Welcome to computing systems! Our goal in these set of modules is to break down exactly how computers work under the hood. This means that we want to understand what the terms “Hard Drive,” “RAM,” “caches,” “computer memory”, and others mean. In order to accomplish this goal, we will be using a programming language called C.

Why Learn C?

Many students initially begin studying computer science because they became interested in the cool things you can do with computers. You can watch Youtube videos, play League of Legends, and download outdated memes to share with others. However, if you’re interested in improving the Youtube user interface or programming games such as LoL in the future, all of these fundamentally require an understanding of how computers work under the hood. We will see why this is the case.

Perhaps the best way of illustrating the importance of understanding how computers fundamentally work is through an example. Since 2011, Minecraft has been one of the most popular computer video games to there, and is a first-person, creative adventure game. When the game was initially released, it was programmed in Java, one of the most common introductory languages taught in computer science. However, people quickly realized that as a result, Minecraft ran incredibly slowly on older computers, and suffered from poor render time, which can be thought of as a measure of the speed and efficiency of the code for Minecraft.

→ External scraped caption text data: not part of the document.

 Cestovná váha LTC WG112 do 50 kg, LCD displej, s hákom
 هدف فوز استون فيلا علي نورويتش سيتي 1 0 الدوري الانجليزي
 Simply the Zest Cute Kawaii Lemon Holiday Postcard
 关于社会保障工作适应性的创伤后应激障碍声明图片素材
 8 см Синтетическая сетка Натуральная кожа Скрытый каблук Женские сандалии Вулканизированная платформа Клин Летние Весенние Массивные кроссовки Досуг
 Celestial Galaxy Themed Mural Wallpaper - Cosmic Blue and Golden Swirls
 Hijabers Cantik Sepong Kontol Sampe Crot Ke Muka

To improve the performance of the game, the Minecraft creators rewrote their entire game in C++ instead of Java language, eventually releasing their work as Windows 10 Edition of Minecraft in 2015. C++ is another computer programming language that is very closely related to C. As a result of this change, there was a huge boost in performance with regards to the render time:

Java Minecraft on left, C++ Minecraft on right. Skip to about 1:06 mark for a good example in the difference in render times.

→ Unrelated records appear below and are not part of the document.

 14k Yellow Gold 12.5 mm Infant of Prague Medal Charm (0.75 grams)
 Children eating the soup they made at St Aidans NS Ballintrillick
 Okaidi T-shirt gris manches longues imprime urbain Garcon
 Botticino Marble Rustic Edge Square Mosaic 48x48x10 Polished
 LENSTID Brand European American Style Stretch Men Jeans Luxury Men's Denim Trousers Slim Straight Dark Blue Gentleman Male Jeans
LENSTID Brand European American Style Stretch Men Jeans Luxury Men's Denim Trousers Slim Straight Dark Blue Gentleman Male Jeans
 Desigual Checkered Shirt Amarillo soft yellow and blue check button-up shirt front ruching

Coding languages such as Python are also written in C! The point is that all computer programmers should have a working knowledge of how computers work underneath the hood in order to write secure, fast, and effective code.

Bits and Bytes

Because C deals with giving instructions to your machine code, it is important to have a preliminary understanding of what bits and bytes are. I explain the basic idea here; although it is in the context of Java, the basic idea is still the same.

Computer Abstraction

If you look up pictures of hard drives on Google, it is clear that these devices that store computer memory are extremely complicated. So, when we’re talking about the memory storage unit of a computer, we’re going to represent it as a simple array of some finite size. For example, let’s assume that a computer has a 12-byte hard drive, meaning that it can store only a total of 12-bytes:

introduction-1

Each of the little squares can store up to one byte of information. Furthermore, each of the squares also have a memory address associated with them, which can be thought of as a house address, allowing us to refer to particular locations in the memory. As an example, 0x800 is the first “residential address” in the this array. Its immediate neighbor next to it is 0x801.

In the series of examples below, we will use this model to illustrate some of the typical computer operations that might be happening under the hood.

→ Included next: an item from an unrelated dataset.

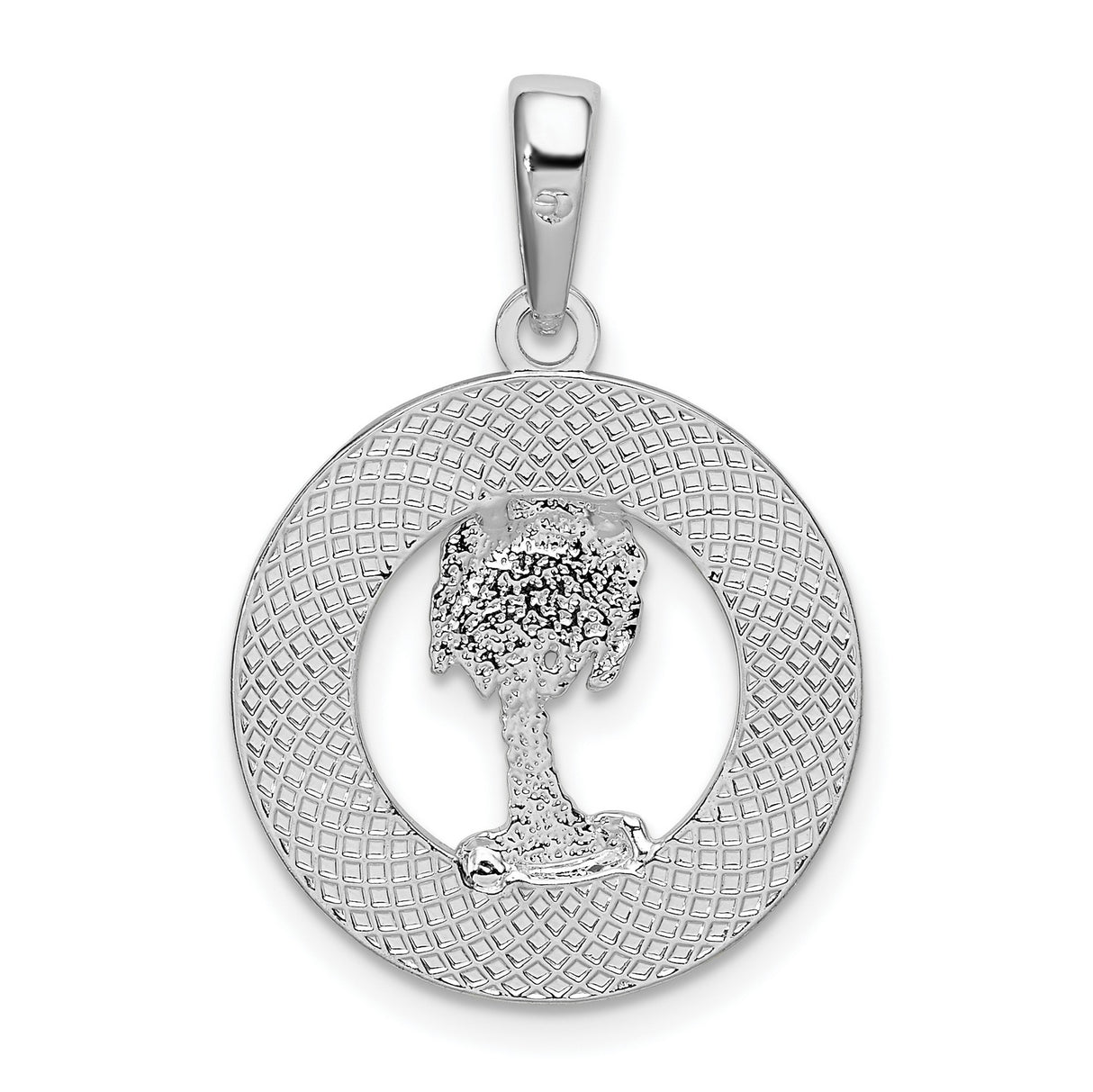 Sterling Silver Palm Tree Pendant, Textured Circle Tropical Island Vacation Charm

Example 1: Instantiating an int

Let’s say that we were writing a computer program in Java that asked us to create an integer x that was equal to 3:

public static void someFunction() {
   // Create an integer x = 3
   int x = 3;
}

Let’s think about what your computer is doing under the hood at this line. When this function is executed, your program is having a conversation with your computer that goes somewhat like this:

Program: Hi Computer, I'd like to store an integer, 4 bytes large.
Computer: Sure thing, let me check if I have space to store the integer.

At this point, your computer will look into its hard drive and see if it has enough space to store an integer. Since the hard drive has 12 bytes available and an integer only takes up 4, we can confirm that we do have enough space!

Computer: Good news! I have enough space. Is there a value for the integer?
Program: Yes, I would like to set it equal to 3.
Computer: Ok, let me perform this task.

At this point, the computer will find an available space in the memory to store this integer:

introduction-2

Computer: Ok, I have stored the number 3 at the memory address 0x800.
Program: Thank you! That is all I need for now.

The program will then store the address 0x800 and associate it with the variable x, such that whenever x needs to be accessed or modified in the future, we will be able to do so. Note that because an integer is 4 bytes large and each square represents a byte, we need 4 of the squares in order to store this single integer.

There are so many things that are going on in just this one line of code! In programming languages like Java and Python that you may already be used to, these operations are taken care of by just a single line of code: int x = 3; (or x = 3 in Python). However, in C, we have to control and explicitly program each of these operations one by one. For this reason, we refer to C as “closer to machine code,” meaning that it talks more directly with the computer hardware: what you see is what you get.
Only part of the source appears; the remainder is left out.